E che dire del Bini-Smaghi che minaccia: “se per caso ci trovassimo in una situazione di nuovo di crisi e non si può utilizzare il Mes per il veto dell’Italia, beh qui sarebbe una crisi diplomatica abbastanza eccezionale”. Seguito d’appresso dal Fubini: “gli altri governi trovano il veto italiano un fastidio evitabile; ma non così importante, almeno fino alla prossima crisi bancaria, quando la rete di sicurezza del Mes potrebbe servire”. Come vivessero sul Pianeta Urano.
E che dire del Bini-Smaghi che nasconde la testa sotto la sabbia: “le critiche che vengono fatte al Mes già si applicano a quello che c’è ora”. Come se il NTM fosse stato fatto per divertimento. Come egli vivesse sul Pianeta Plutone.

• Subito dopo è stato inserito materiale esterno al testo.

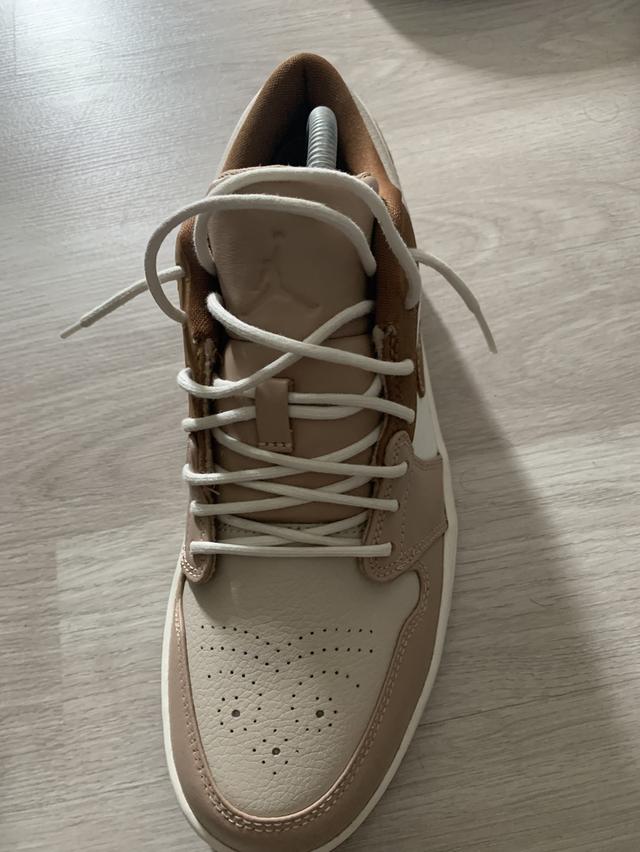 Nike Jordan 1 low Se รูปที่ 5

Infine, che dire del Fubini che, da Cisnetto, si produce nell’ultimo fuoco d’artificio: “l’Europa dovrà avere … politiche pubbliche di sostegno della domanda e di investimento molto più forti”. E queste ultime vorrebbe avere mentre firma il NTM, che ci consegna a gente come Zettelmeyer, il capo di Brugel il quale al suo giornale ha detto: l’Italia deve “dire all’Ue mi dispiace, ma non possiamo fare gli investimenti … è necessaria una riduzione molto significativa del deficit nei prossimi anni”. Manifestamente, il Fubini vive fuori dal sistema solare.
Conclusioni
L’incoerenza di chi ci ha governati nel passato, è conclamata. Mentre il partito francese è ormai ai matti: i suoi esponenti si inventano esperti negoziatori, pronunciano argomenti scomposti, si espongono con vere e proprie favole.
Cedendo, Meloni getterebbe al vento una vittoria non più irraggiungibile.